We can count the probability that John will not draw four balls with at least two numbers that are equal, and subtract this from one to determine the probability that he does . So, we have to find the probability that he draws four different balls. John can draw any ball first, but afterwards cannot match with any previous ones. So the probability is equal to

$(1)(\frac{6-1}{6})(\frac {6-2}{6})(\frac {6-3}{6})=(1)(\frac{5}{6})(\frac {2}{3})(\frac {1}{2})=\frac{5}{18}$

$5+18=23$

The probability that at least two numbers are equal is 1 minus the probability that all the numbers are different. So let's start by finding the probability that all the numbers are different:

We have 6 choices for the first number and one less choice for each draw thereafter because we want the numbers to be different. Thus, our successes total $6 \cdot 5 \cdot 4 \cdot 3 = 360$ . The possible number of draws is $6 \cdot 6 \cdot 6 \cdot 6 = 1296$ because the drawing is done with replacement (meaning each ball is replaced in the pool for drawing). So the probability that we draw all different balls is $\frac {360}{1296} = 5/18$ .

Proceeding with the back door method to obtain the probability that at least two numbers are equal: $1 - \frac{5}{18} = \frac{13}{18}$ .

Summing the numerator and denominator gives 13 + 18 = 31.

You are asked to find the probability that at least two of the numbers on the billiard balls are equal. This probability is just 1 - (the probability that none of the numbers on the billiard balls are equal). This probability is just (6/6) (5/6) (4/6)*(3/6). 6/6 comes from the fact that your first number can be any one of the 6, so 6/6. Then the rest of the numbers come from the fact that you can choose any of the other numbers except the one you just choose.
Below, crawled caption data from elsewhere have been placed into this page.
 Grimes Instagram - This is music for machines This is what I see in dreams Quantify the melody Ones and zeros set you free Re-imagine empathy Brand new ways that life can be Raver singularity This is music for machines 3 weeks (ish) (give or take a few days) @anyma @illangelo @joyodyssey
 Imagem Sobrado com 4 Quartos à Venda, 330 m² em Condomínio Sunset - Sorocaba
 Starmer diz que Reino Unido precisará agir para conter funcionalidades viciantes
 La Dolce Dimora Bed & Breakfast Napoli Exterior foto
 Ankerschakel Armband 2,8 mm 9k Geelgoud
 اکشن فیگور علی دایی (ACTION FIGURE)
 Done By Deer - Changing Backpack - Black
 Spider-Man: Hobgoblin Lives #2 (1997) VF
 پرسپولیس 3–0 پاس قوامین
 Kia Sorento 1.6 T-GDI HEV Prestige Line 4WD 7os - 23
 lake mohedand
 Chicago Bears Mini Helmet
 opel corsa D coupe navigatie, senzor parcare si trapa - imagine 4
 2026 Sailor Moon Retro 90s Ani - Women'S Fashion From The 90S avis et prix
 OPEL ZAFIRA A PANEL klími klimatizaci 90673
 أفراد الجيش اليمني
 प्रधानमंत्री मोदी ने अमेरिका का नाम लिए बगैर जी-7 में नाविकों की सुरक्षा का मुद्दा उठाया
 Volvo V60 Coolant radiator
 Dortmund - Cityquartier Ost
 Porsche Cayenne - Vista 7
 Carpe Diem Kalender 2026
So, 6 choices for the first ball, 5 for the second, and so on, giving you a probability of 5/18. 1 - 5/18 = 13/18. Therefore a + b = 13 + 18 = 31

The complement case of 'at least 2 of the numbers are equal' is 'no two of the numbers are equal.' Of the 6^4 = 1296 possible ways to pick 4 numbers, there are 6 5 4*3 = 360 ways in which the four numbers picked are distinct, hence, the probability that no two of the numbers are equal is 360/1296 = 5/18. Since the two given complementary situations are mutually exclusive, their probabilities add up to 1. Therefore, the probability that at least 2 of the numbers are equal is 1 - 5/18 = 13/18, with a+b=31.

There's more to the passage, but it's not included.